When investing in bonds, it's essential to balance potential returns with risk and the need for income. In this scenario, the investor wants to achieve a 5.1% return on total investment.
Deciding how much to invest in each type of bond could influence overall income and can be planned by setting specific constraints and achieving a desired blend of investment.

Finance mathematics is a branch of applied mathematics concerned with financial markets. It helps in making decisions for investments like determining how much to allocate to different types of bonds. In this context, it involves solving problems based on interest rates and return calculations.

• To earn returns, investments need to be strategically allocated considering the interest rates offered by each bond type.
• Knowing the relationships, like the one given: amount in short-term equals amount in intermediate-term bonds, simplifies the financial calculations.
• The desired 5.1% average return translates to maximizing income from the total $100,000 investment while considering varying bond yields.

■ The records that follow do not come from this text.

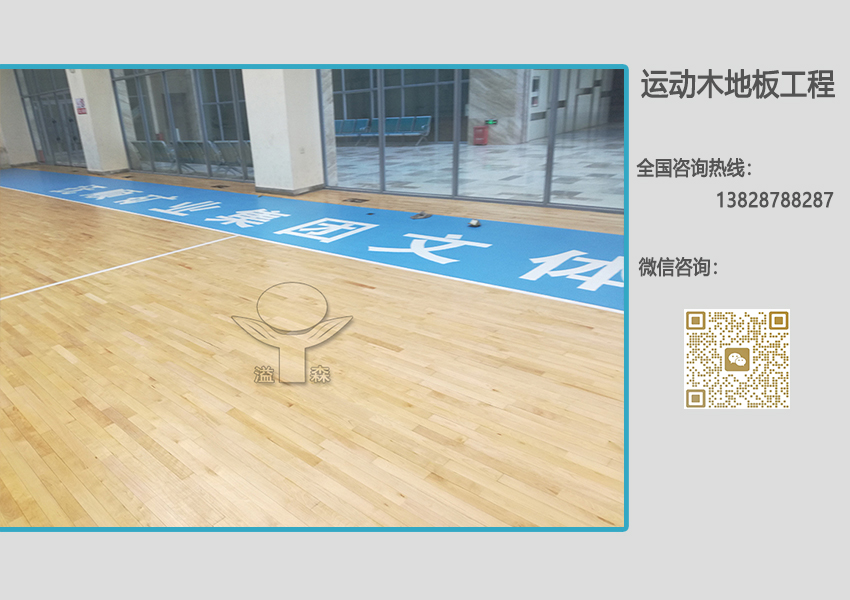 室内篮球场建设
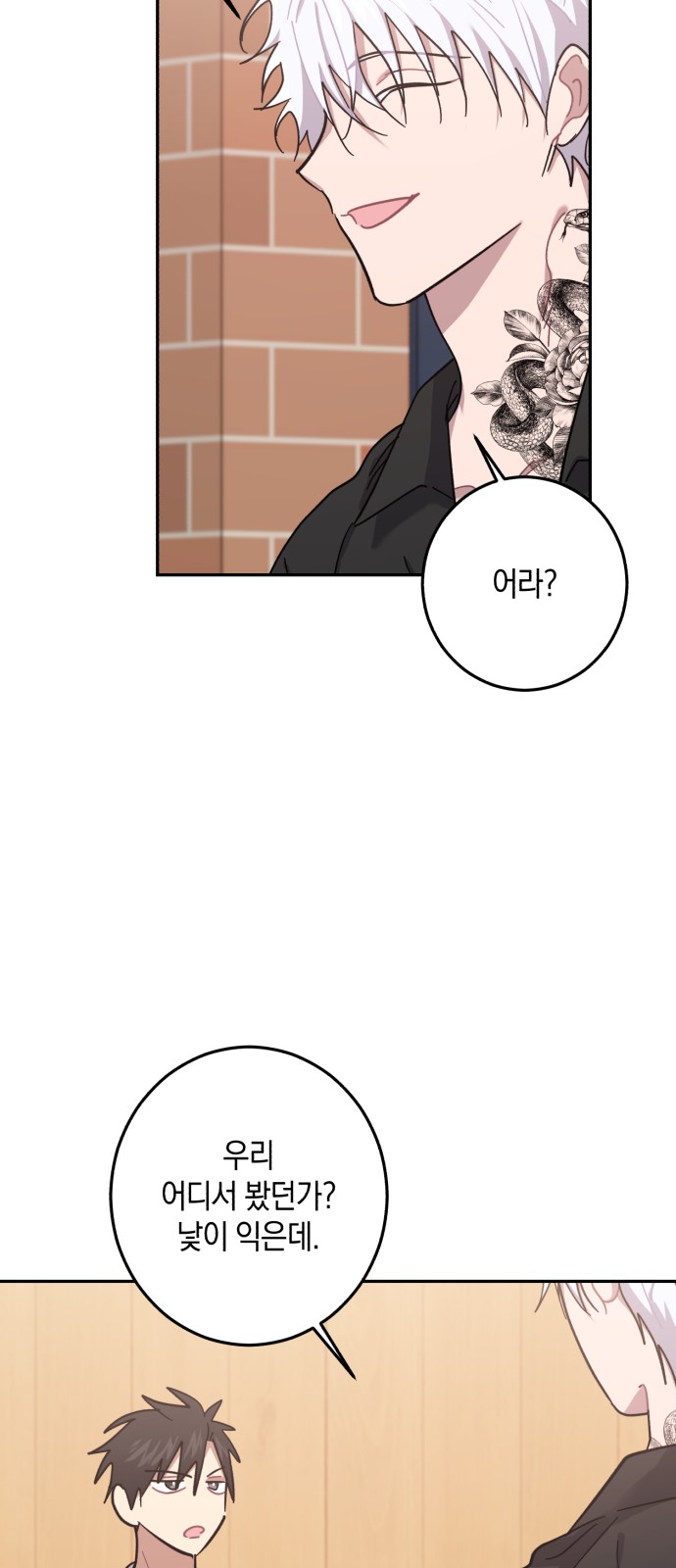 36 페이지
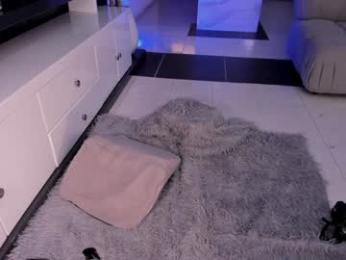 emilylittle chaturbate stream image, 11.11.2025 04:30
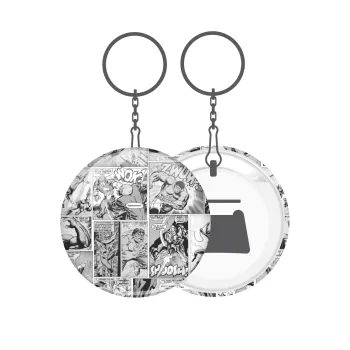 Classic comic Limited B/W, Μπρελόκ μεταλλικό 5cm με ανοιχτήρι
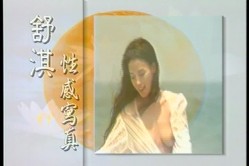 女神来了！明星舒淇早期超脱尺度底线裸身写真、透明情趣内衣T台走秀完整全套【含2套4K修复】 截图4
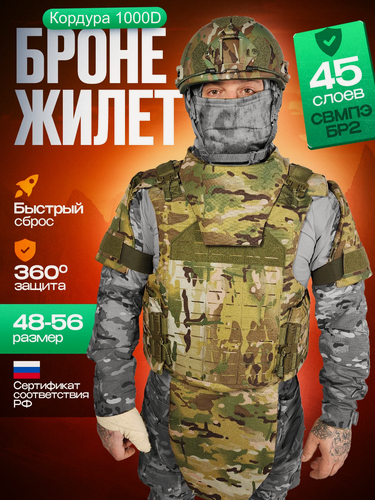 Изображение товара Бронежилет модульный защитный с капами и системой быстрого сброса, класс защиты Бр2, мультикам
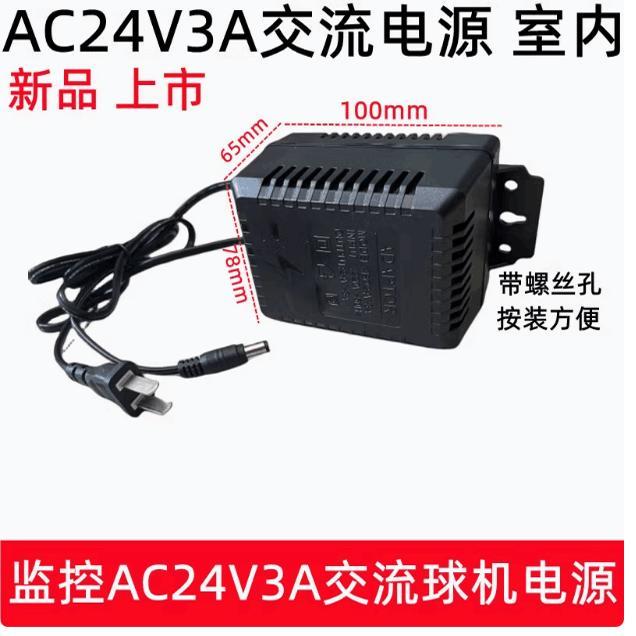 AC24V3A/2A/5A防水交流电源交流24V3A监控安防球机交流变压器火牛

By understanding the interconnection between percentages, yield, and invested amounts, finance mathematics provides a framework to study and optimize investment strategies.

A system of equations is a collection of two or more equations with the same set of unknowns. Solving the system involves finding values for these unknowns that satisfy all the equations simultaneously. In the case of investment distributions:

• Equation 1 (total investment): \( x + y + z = 100,000 \) represents the entire investment across the three bonds.
• Equation 2 (income goal): \( 0.04x + 0.05y + 0.06z = 5,100 \) ensures that total interest from the funds meets the desired 5.1% outcome.
• Given \( x = y \), simplify: substitute \( y \) with \( x \), simplifying the system to work with only two variables.

The process involves solving for one variable and substituting it into other equations to find remaining unknowns. For example, solving \( z = 100,000 - 2x \) and substituting in the income equation helps achieve the final answer. It's an efficient method to determine the distribution of investments ensuring the investor's goals are met.